Productivity basics

Written by Stephen Poloz

Economists toss around the notion of productivity as if everyone should know instinctively what they mean. But productivity is complex, and there are many ways to increase it.

In its purest form, productivity is a measure of what we are able to produce from a given set of inputs, essentially labour and capital. For example, if a group of workers can increase output per hour by 10% through better teamwork, then that is increased productivity.

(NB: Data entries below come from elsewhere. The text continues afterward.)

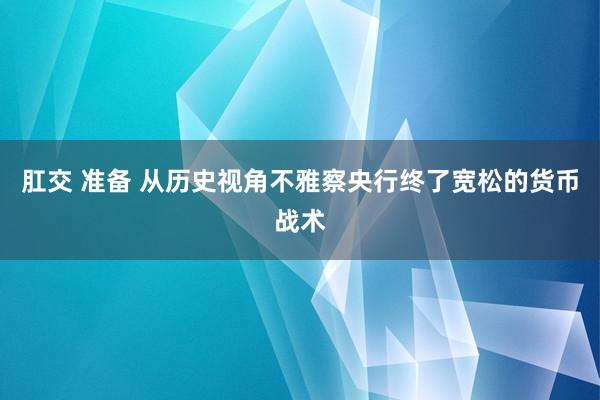 肛交 准备 从历史视角不雅察央行终了宽松的货币战术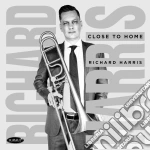 Richard Harris - Richard Harris. Close To Home cd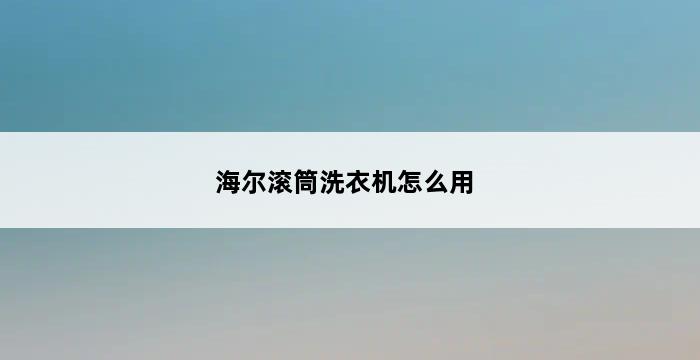 海尔滚筒洗衣机怎么用 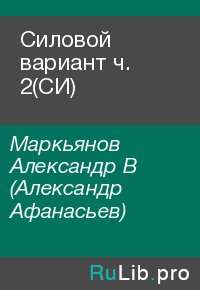 Силовой вариант ч. 2(СИ). Маркьянов Александр (Александр Афанасьев) - читать в Рулиб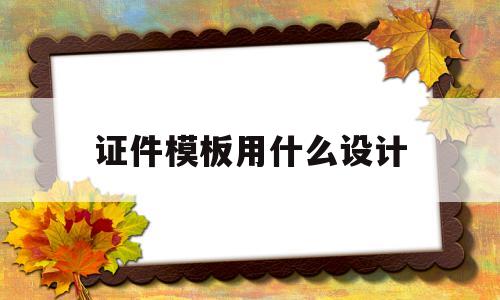 证件模板用什么设计(证件模板用什么设计的)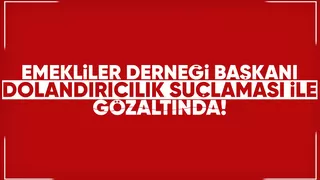 Emekliler Derneği Başkanı gözaltına alındı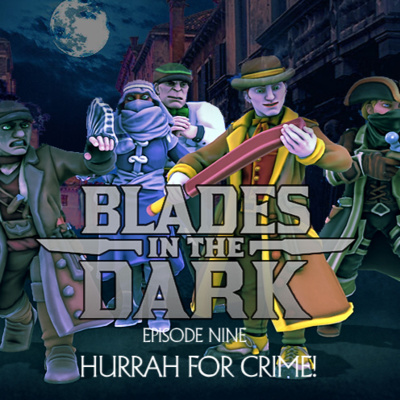  S03E02 - Blades in the Dark Episode 9 - Hurrah For Crime!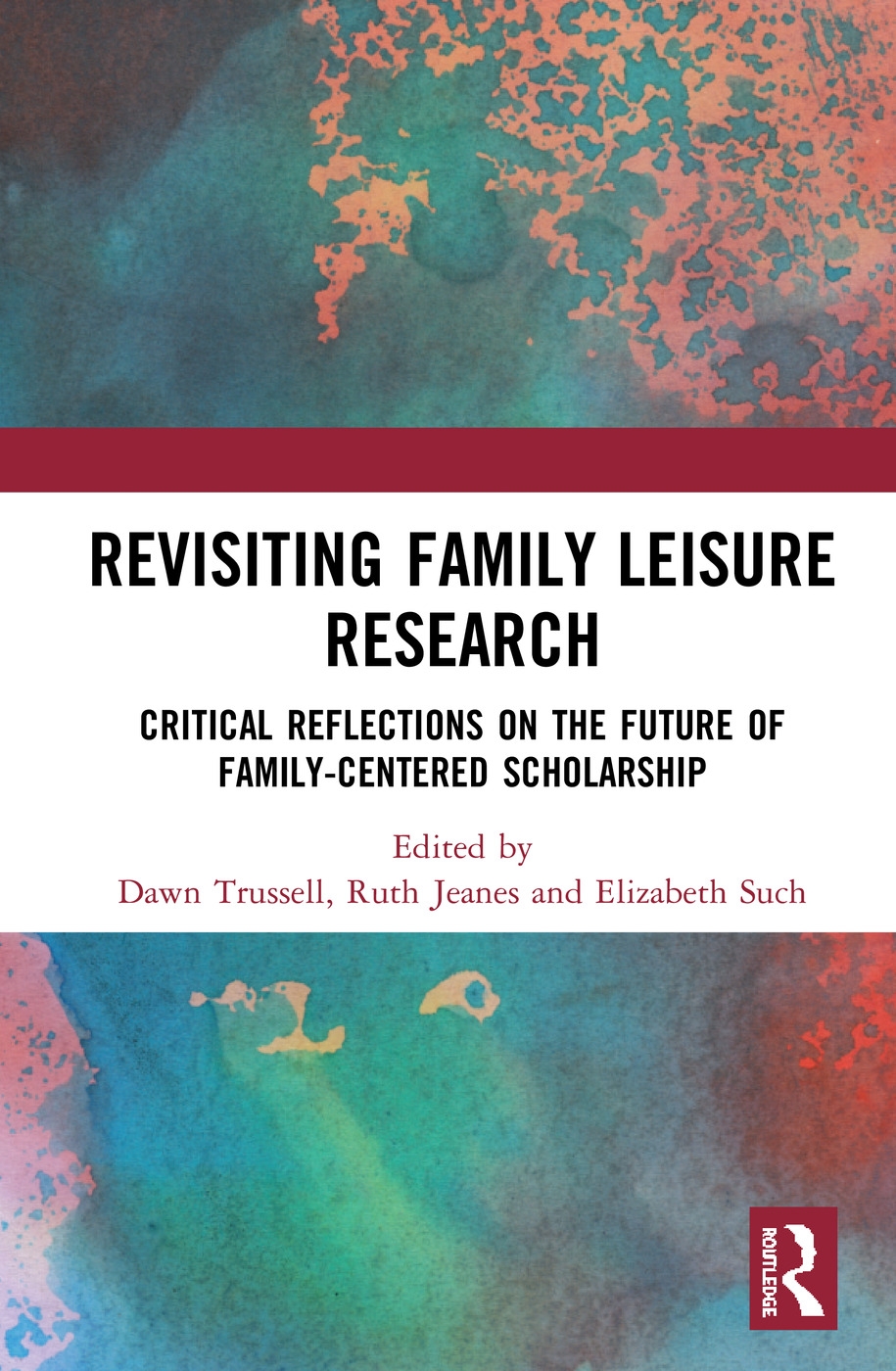 Revisiting Family Leisure Research: Critical Reflections on the Future of Family-Centered Scholarship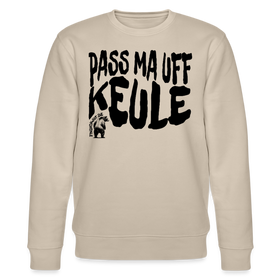 Beiges Sweatshirt mit schwarzem Aufdruck  „Pass ma uff Keule“ im Berliner Schnauze Stil – lässige Hauptstadt-Kleidung für urbane Typen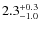 $\rm 2.3_{-1.0}^{+0.3} $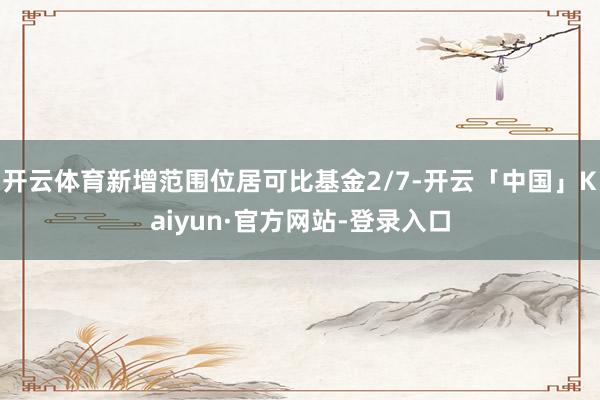 开云体育新增范围位居可比基金2/7-开云「中国」Kaiyun·官方网站-登录入口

To some people, higher productivity means fewer workers, so productivity becomes a codeword for layoffs. This may be true for a company in distress, where the choice is between boosting productivity or corporate death, but most would agree that it is better to save some jobs than to lose them all. In contrast, for a healthy company, higher productivity means an even more competitive product or service, which translates into increased sales, jobs, profits and wages. In other words, productivity growth translates into high-quality employment growth over time.

How do companies increase their productivity? One obvious way is to develop a totally new product or service, or create a new technology, that leads to a jump in revenue per employee. This form of productivity is generally the result of innovation, through R&D, but the effect would be the same if the breakthrough came via a more inspired marketing program.

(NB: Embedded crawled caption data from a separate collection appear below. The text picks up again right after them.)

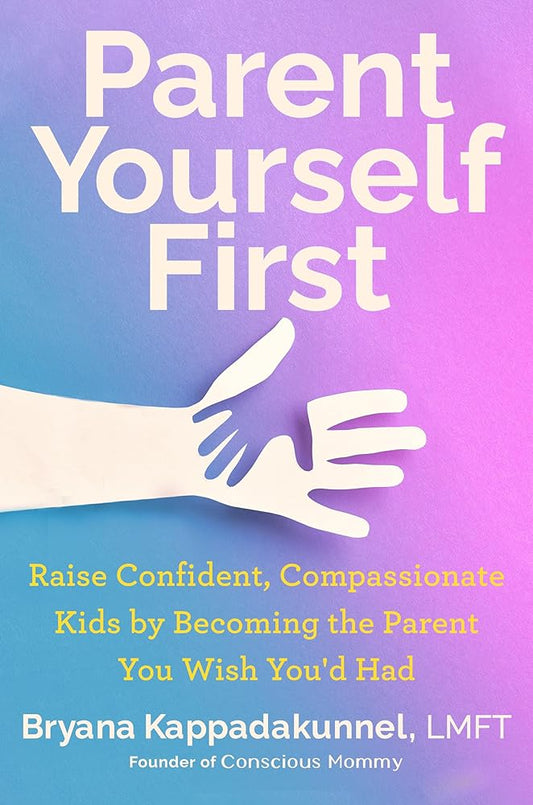 Parent Yourself First: Raise Confident, Compassionate Kids by Becoming the Parent You Wish You'd Had cover image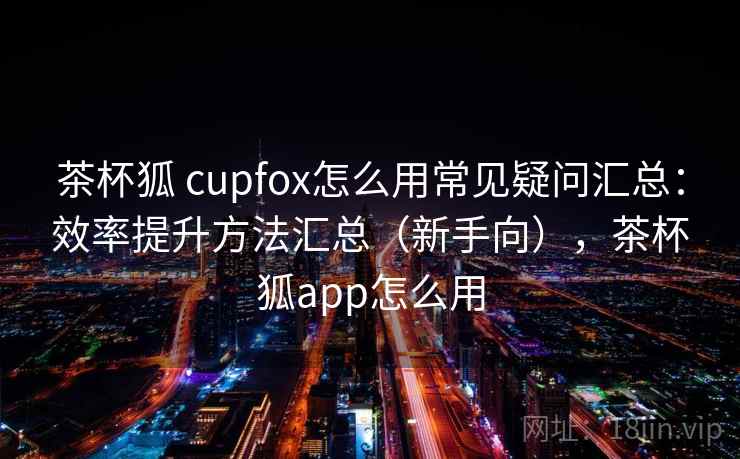 茶杯狐 cupfox怎么用常见疑问汇总：效率提升方法汇总（新手向），茶杯狐app怎么用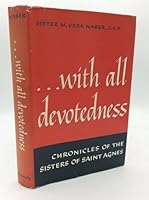 WITH ALL DEVOTEDNESS: Chronicles of the Sisters of St. Agnes, Fond du Lac, Wisconsin B00BRGOT3A Book Cover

A less exotic form of productivity growth happens when companies invest in new equipment, automating more tasks, improving quality so there are fewer defects, and so on. When the economy is expanding this sort of productivity growth happens everywhere, because companies that expand their plants or build new ones generally equip them with the latest technology.

At the more mundane level is the concept of organizational productivity, which is mostly based on the concept of specialisation. As Henry Ford proved with the invention of the assembly line, giving workers increasingly specialised jobs or functions leads to a big increase in productivity.

Today’s assembly line transcends geography. To increase organizational productivity companies are dividing their products and services into low-productivity tasks and high productivity tasks, and then having the low-productivity tasks performed in countries where wages are lower. This means that the better-paid domestic workers specialise on higher-productivity tasks, thereby increasing domestic productivity and reducing costs. This is simply the notion of supply chain globalisation, and the lower costs should ultimately lead to more sales and high-productivity employment growth.

The bottom line? Increased productivity is the key to continued improvement in Canadian living standards, especially given the increasingly stiff international competition we face. Fortunately, the current environment offers fertile ground for productivity enhancements.

August 18, 2005

The views expressed here are those of the author, and not necessarily of Export Development Canada.